Plans for a new water system that would serve about 100,000 people in the central Arkansas region are going through a review process by the U.S. Army Corps of Engineers. Part of that process is a public comment period, during which the Corps accepts comments on the project from the public. The end of the comment period is Friday.

The system would transmit water from Greers Ferry Lake south to eight communities in central Arkansas. More than 60 miles of main water line would be laid to serve Austin, Beebe, Furlow, Grand Prairie, Jacksonville, North Pulaski, Ward and Vilonia.

One group, Save Greers Ferry Lake Inc., opposes a modification that could leave the uppermost portion of the highest intake structure exposed above the lake’s surface when the water level drops.

Leonard Uecker, president of SGFL, said the exposed intake screen would pose a hazard to people recreating on the lake, as well as negatively affect aesthetics, tourism and local property values.

The project, which is managed by the Lonoke-White Public Water Authority, has been proposed for the Cove Creek area of Greers Ferry Lake.

Bond Consulting Engineers, Inc. and Crist Engineers of Little Rock are the engineers.

Uecker said his group is not opposed to the overall project but is concerned about safety and aesthetics.

“We’re for it, because it would supply the best drinking water in the state to people who are losing their water to over development,” Uecker said. “ Ev-erybody looks at this lake as a wonderful, unlimited water supply. We are not against helping people get good water.”

The Corps granted a water allotment eight years ago to serve the communities, Uecker said, but a new permit request “asks for major changes in construction.” His group objects to at least one of those changes.

In December, the Corps issued a public notice regarding the new permit request. That notice was issued on Dec. 8, and the period for public comment was set to expire on Jan. 2. Uecker said SGFL was unsatisfied with that time frame. Laurie Driver, Corps public relations specialist, said the holidays might have prevented many people from responding, and an extension was granted on Jan. 12, thus leading to the new end date for comments on Friday.

“We certainly hope people will make their opinions known,” Uecker said.

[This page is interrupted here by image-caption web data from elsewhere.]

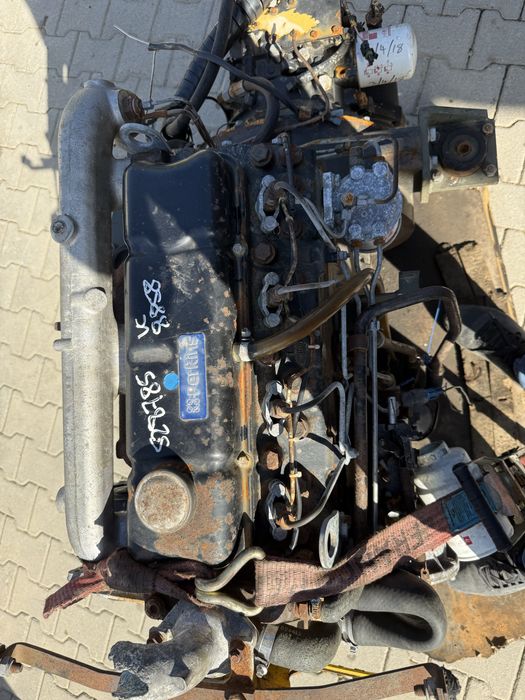 Motor Perkins A4.236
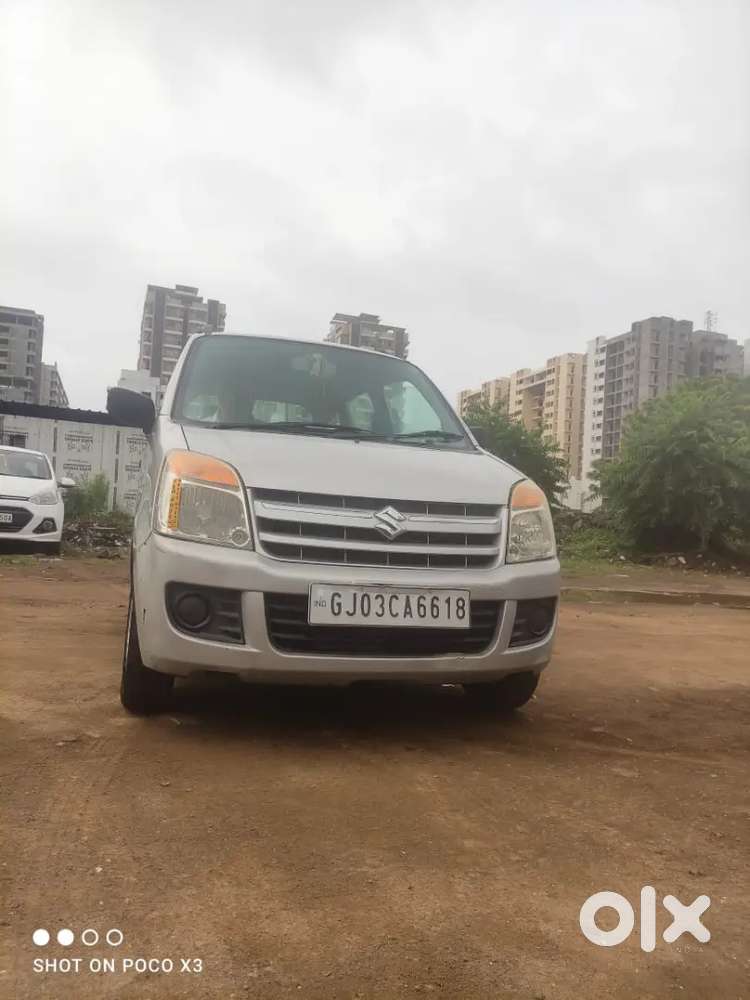 Maruti Suzuki Wagon R 2008 CNG & Hybrids 173000 Km Driven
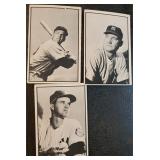 61 1953 Bowman B&W High End Lot Big Names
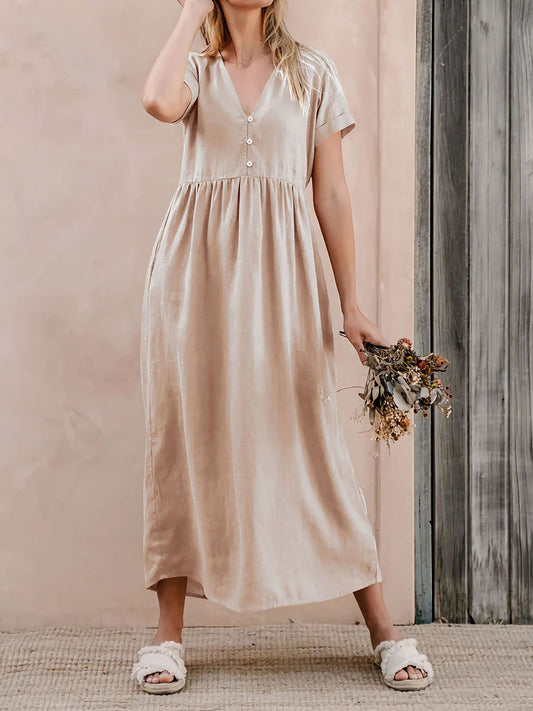 Neutral Attitude Dress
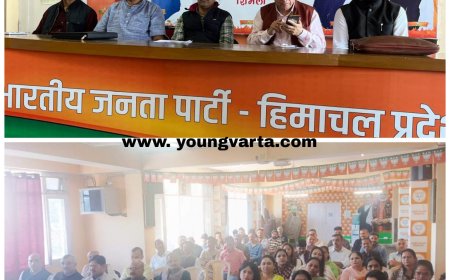 सूक्ष्म योजना के अंतर्गत होगी भाजपा के दूसरे चरण की सदस्यता : डॉ संजय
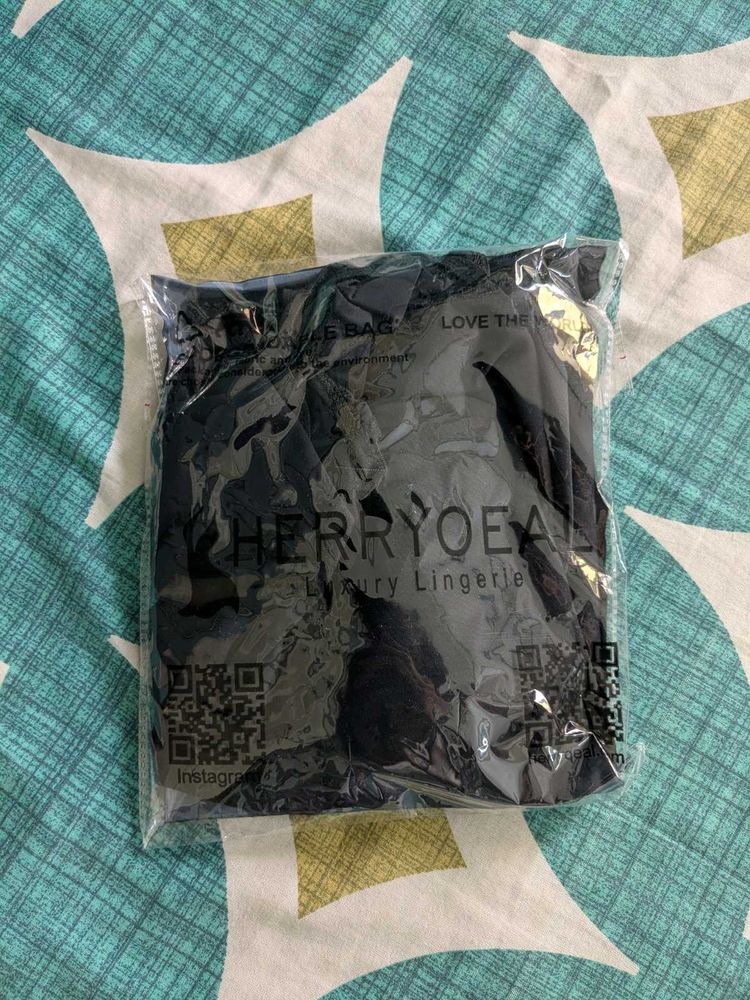 Luxury Lingerie Briefs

Sarah Chitwood, Corps project manager, said the regulatory division has received some comments for and against the project.

“When we ask for public comments on an issue like this, it’s not a popularity contest,” Driver said. “It’s about how we think this project would affect the lake, not if people like it or not. Comments help us make a good evaluation of the permit request. We’ll be receiving comments from local, state and federal agencies, along with the general public.”

Uecker said the Arkansas Department of Health requires the intake at the highest elevation underneath the lake to be built at a height greater than SGFL originally approved. The change, if approved, would move the tallest intake screen as much as 7 feet closer to the lake’s surface.

He said that according to the health department, the best water for drinking purposes is that which is closest to the surface.

“They haven’t done any testing to determine that, not in our lake,” he said. “We agreed to an elevation of 450 feet (mean sea level), and the engineers basically agreed to that elevation.”

The proposed changes would put the tallest intake at 457 feet (mean sea level). Those seven feet are important, according to the health department.

“Starting off with the best quality water when you withdraw it from the lake is important,” said Jeff Stone, chief engineer with the health department. “Water quality in a lake varies according to depth. In order for a water system to have the best chance of complying with drinking-water standards, … it needs to be able to draw at different depths as the elevation changes.”

He said the health department wants “great flexibility” in the designs but is at “some disagreement” with SGFL on those designs.

Stone said the uppermost intake would have a cap or “blind flange” that would be utilized if the lake rose to the highest elevation of 470 feet (mean sea level).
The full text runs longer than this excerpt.